Sancho determinou que o vendedor de porcos pagasse imediatamente à mulher, e que lhe entregasse o dinheiro reclamado em uma bolsa, e que saíssem da sala de justiça. Primeiro a mulher, e depois o vendedor de porcos. Ao ficar a sós com o vendedor de porcos Sancho ordenou-lhe que tomasse a bolsa da mulher. O porqueiro nada entendeu, porém cumpriu as ordens.

Em alguns minutos voltavam os contendores. A mulher, dotada de uma ferocidade inusitada e nunca vista, não lhe entregou a bolsa, de forma alguma, resistindo, como quem defende a própria vida. Sancho então determinou que ela devolvesse a bolsa ao porqueiro. O auditório ficou mesmerizado com a decisão, que Sancho em seguida explicou. Afirmou que se a mulher usasse do mesmo esforço para defender o próprio corpo (que disse ameaçado) nem mesmo Hércules seria capaz de submetê-la. Ela estava mentindo.

Ainda que algum leitor invocado com o identitarismo possa imputar a Cervantes uma certa misoginia, em flagrante anacronismo, a função da ilustração é totalmente outra. Isto é, os três casos representam uma concepção de justiça calcada no bom senso, na razoabilidade e na firmeza das decisões tomadas. Sancho Pança não duvida que está correto, e não dá espaço para qualquer reexame necessário. A usarmos uma concepção firme em Tércio Sampaio Ferraz Jr. e em Fábio Ulhoa Coelho, o direito é uma técnica para resolver problemas. O leitor contemporâneo sabemos que Sancho Pança decidiu rápido, com objetividade, senso de justiça e, principalmente, não deixou dúvidas.  Foi claro, preciso e conciso.

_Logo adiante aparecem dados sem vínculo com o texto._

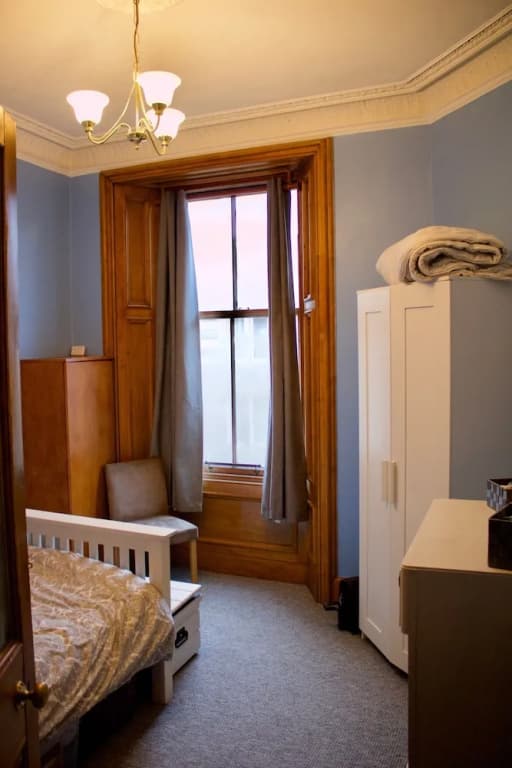 1 Bedroom Flat Off Leith Walk - photo 5
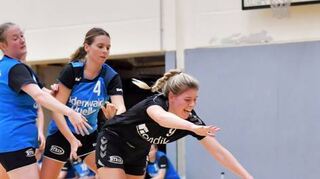 Jennifer Dickson und Tina Meierhöfer vom HC VfL bremsen die SVE-Spielerin Kim Schneider aus.
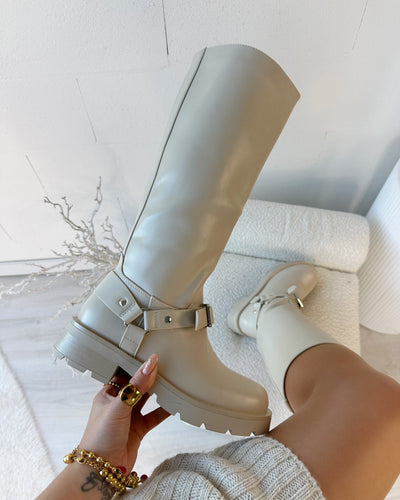 Bota desnuda prianky
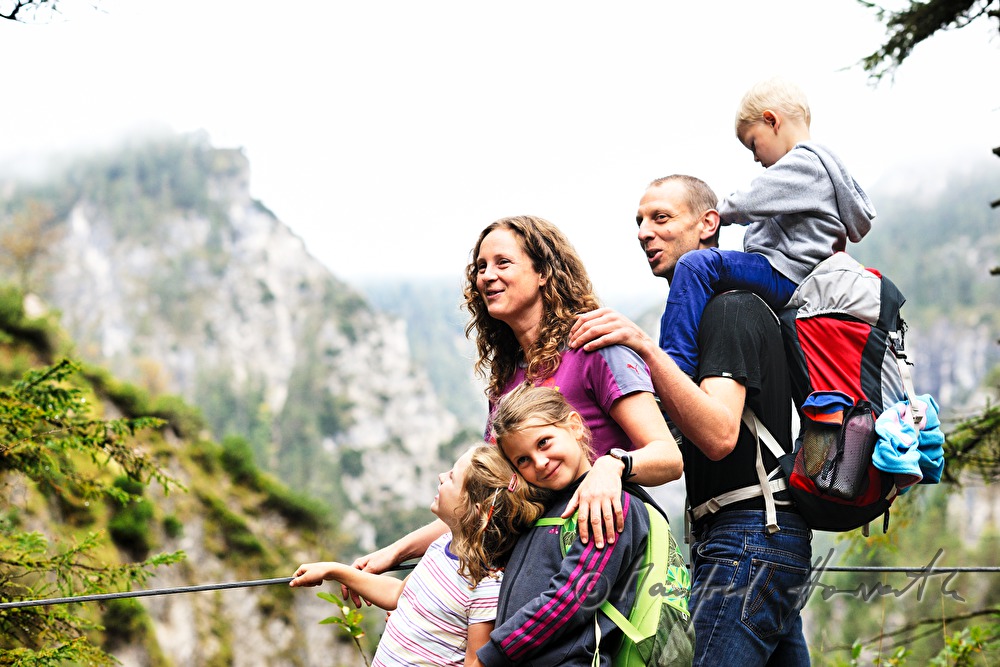 hikers rest near the Lassingfall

O Sancho era roliço e baixo, é o que imaginamos ao longo das várias cenas, e é o que confirmamos com o ilustrador clássico do Quixote, Gustave Doré, pintor, desenhista e ilustrador francês que também complementa nossa imaginação com passagens da Divina Comédia (Dante) e do Paraíso Perdido (Milton). Há no Quixote e no Sancho uma identificação com mitos visuais. Um crítico, Ian Ward, afirmou que “se nos fosse dado ver um cajado e uma bola andando emparelhados por uma estrada, imediatamente os reconheceríamos como Dom Quixote e Sancho Pança”. Certamente.